The City Magazine Since 1975

Splendor in the Grasses

October 2015
Splendor in the Grasses
WRITER: 
PHOTOGRAPHER: 
Mark the seasons with ornamental grasses in a spectrum of shades

The change of the seasons in the Lowcountry is subtle. There’s no fiery-hued foliage, no crimson-and-gold-tinged treeline to admire. But we can look to ornamental grasses for leaves and blooms that shift shades throughout the year. Green in the summer, purple muhly grass offers spectacular clouds of flowers come fall. From fluorescent green to deep bronze, river oats display a spectrum of hues from spring through autumn, while big bluestem rises eight feet tall and changes from blue-green to reddish-bronze to lavender. In addition to putting on a pretty show, these native perennials help to slow erosion and provide a habitat for beneficial insect populations and wildlife.

River OATS (Chasmanthium latifolium)
Adding three seasons of interest to the garden, river oats are vivid green in spring before summer reveals blue-hued foliage and flowering stems that gracefully dangle translucent green clusters of the flat seed heads that give the plant its name.
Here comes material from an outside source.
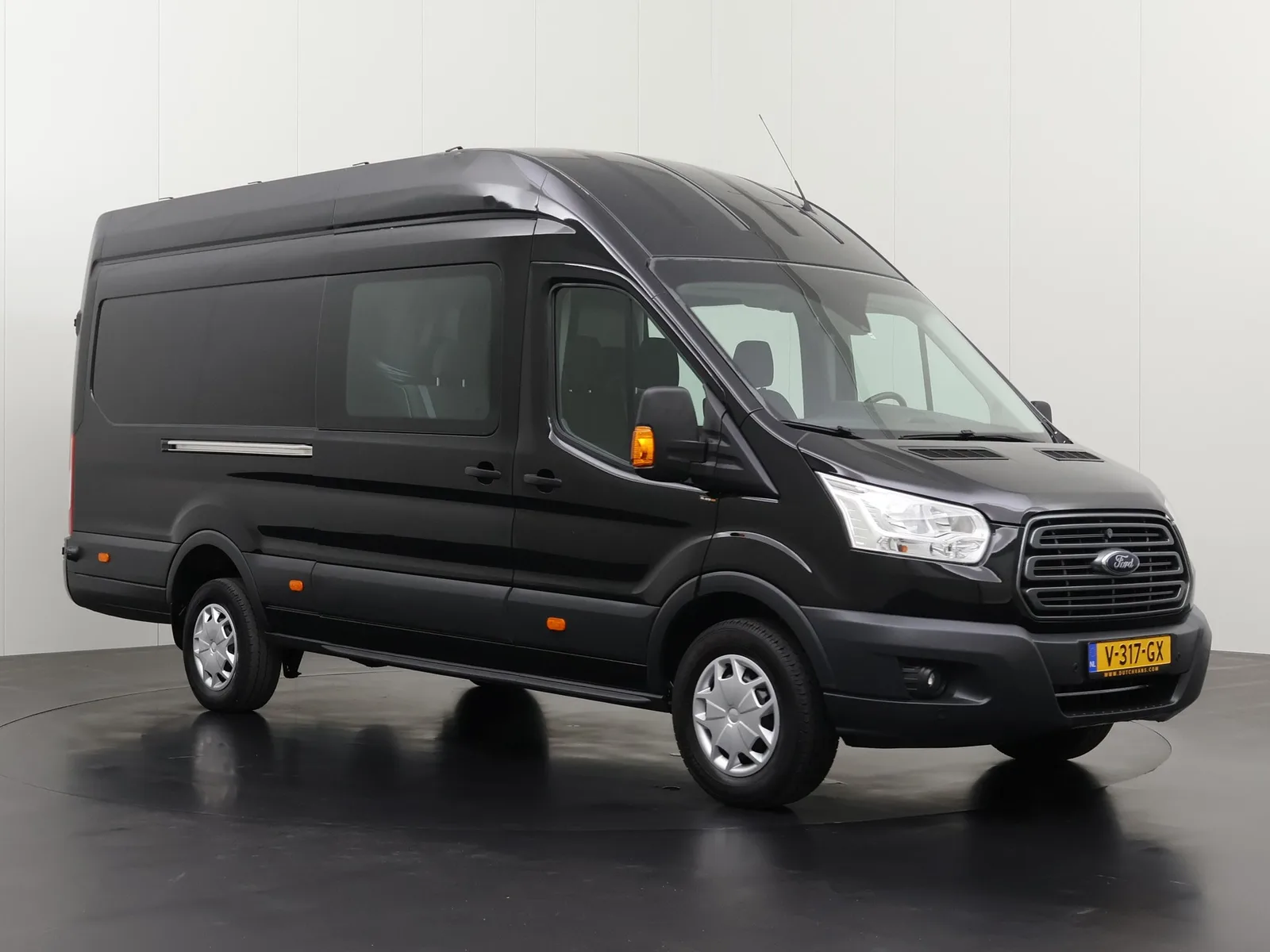 Ford Transit (2017) — foto 1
Reaching from two to four feet in height, this shade-tolerant grass blooms from May through July. Come fall, the seed heads dry out, turning a rich, purplish bronze. Collect them for use in a dried floral arrangement or leave them to self-sow, allowing the plant to spread.

Light: Partial shade
Soil: Sandy soil
Water: Water thoroughly two to three times a week until established.
Maintenance: In early spring, cut back dead stalks to four to six inches above soil line.

Purple muhly grass (Muhlenbergia capillaris)
Also known by the common names “sweetgrass” and “hairawn muhly grass,” this clump-forming perennial adds both color and texture to the landscape. Needle-like, blue-green foliage gives the plant a stiff, upright growth habit that works well in a border or a mass planting. As fall approaches, watch as beautiful billows of pinkish-purple clusters appear, seeming to float atop four-foot stems from September through November. As cooler temperatures descend, the dormant plant’s blooms fade to golden brown.

Light: Full sun
Soil: Sandy soil
Water: Water thoroughly twice a week until established.
Maintenance: Cut back dormant growth in winter.

Big Bluestem (Andropogon gerardii)
This warm-season perennial—also known as “turkeyfoot grass”—stands four to eight feet tall. An upright cluster of flattened leaves emerges in shades of bluish-green in spring, maturing to green with red tinges in summer and turning reddish bronze with lavender tones in autumn. Flowering stems rise in late August, bearing purplish, finger-like flower clusters resembling turkey feet. Effective as a rear border or accent, this grass blooms through September and provides shelter for nesting birds and insects over winter months.

Light: Full sun to partial shade
Soil: Sandy soil
Water: Water thoroughly twice a week until established.
Maintenance: Cut back dormant growth in winter.